Observers are fairly flexible and files can be changed at any time during the simulation. For example, to have restart files written every 1000 steps, one can do:

mc = ...

mc.add_observer(
    "my_restart",
    RestartObserver(file="restart.json", interval=1000, mode="w"),
)

for step in mc.srun(10000):
    if step % 1000 == 0:
        mc.observers["my_restart"].file = f"restart_{mc.step_count}.json"

With this setup, the simulation state will be logged at the beginning to restart.json, and then every 1000 steps, the file will be updated to a new file named restart_1000.json, restart_2000.json, etc. This allows for easy restarts of the simulation from the last saved state.

File management

In quansino, file management is handled by a custom FileManager class that is responsible for managing the files used in the simulation. The main purpose of this class is to ensure that files are properly closed after use and to provide a consistent interface for file operations. Each MonteCarlo class has its own FileManager instance, which is used to manage the files associated with that simulation.

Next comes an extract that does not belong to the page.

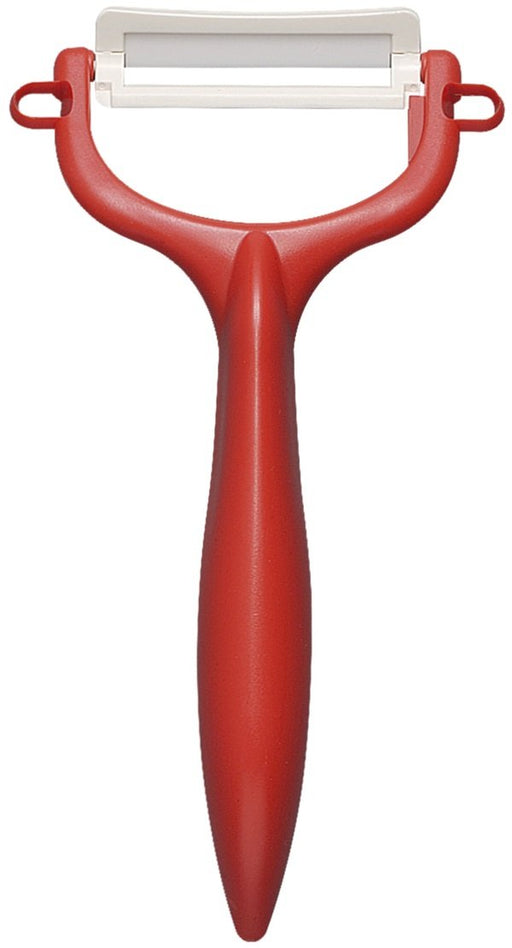 Kyocera Fine Ceramics Peeler CP-99RD Red Diagonal Blade Vegetable, Fruits NEW_1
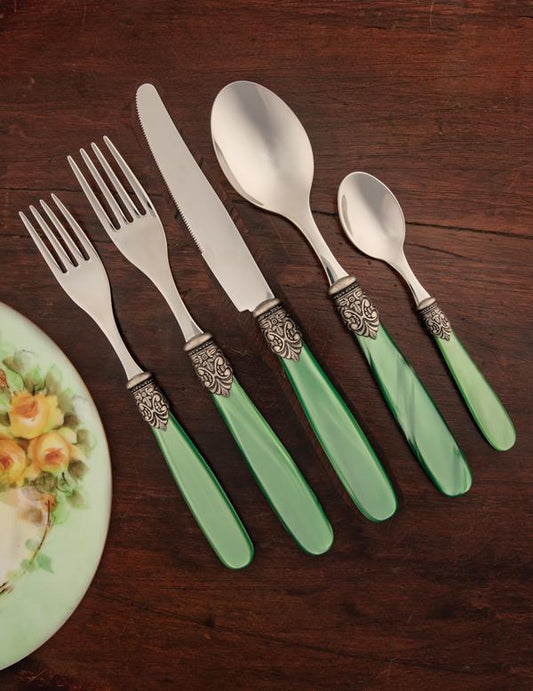 Emerald Stainless Steel Flatware Set (5 Piece Set) 33726 by Victorian Trading Co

In practice, when the attach_observer method is called on a MonteCarlo class, the FileManager instance is used to open the specified file and create an observer that will write the simulation data to that file. The FileManager ensures that the file is properly closed when the simulation is finished, preventing any potential data loss or corruption.

Users are free to create their own FileManager instances if they need to manage files in a custom way, but in most cases, the default behavior provided by the MonteCarlo classes will suffice. The FileManager class is designed to be flexible and can be extended or modified as needed to suit specific requirements.

Users should call the convenience method close to close the files managed by the FileManager instance. This will ensure that all data is properly written to the files and that the files are closed correctly. Note that the MonteCarlo classes will not automatically close the files when the simulation is finished.